* Your assignment: Beginning with the first entry, set down each one exactly as shown.

* Task input:
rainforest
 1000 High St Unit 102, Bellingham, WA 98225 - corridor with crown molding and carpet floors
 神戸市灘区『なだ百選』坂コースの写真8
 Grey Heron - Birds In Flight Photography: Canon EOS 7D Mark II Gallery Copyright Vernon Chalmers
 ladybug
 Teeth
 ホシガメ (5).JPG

* Finished exercise:
rainforest
 1000 High St Unit 102, Bellingham, WA 98225 - corridor with crown molding and carpet floors
 神戸市灘区『なだ百選』坂コースの写真8
 Grey Heron - Birds In Flight Photography: Canon EOS 7D Mark II Gallery Copyright Vernon Chalmers
 ladybug
 Teeth
 ホシガメ (5).JPG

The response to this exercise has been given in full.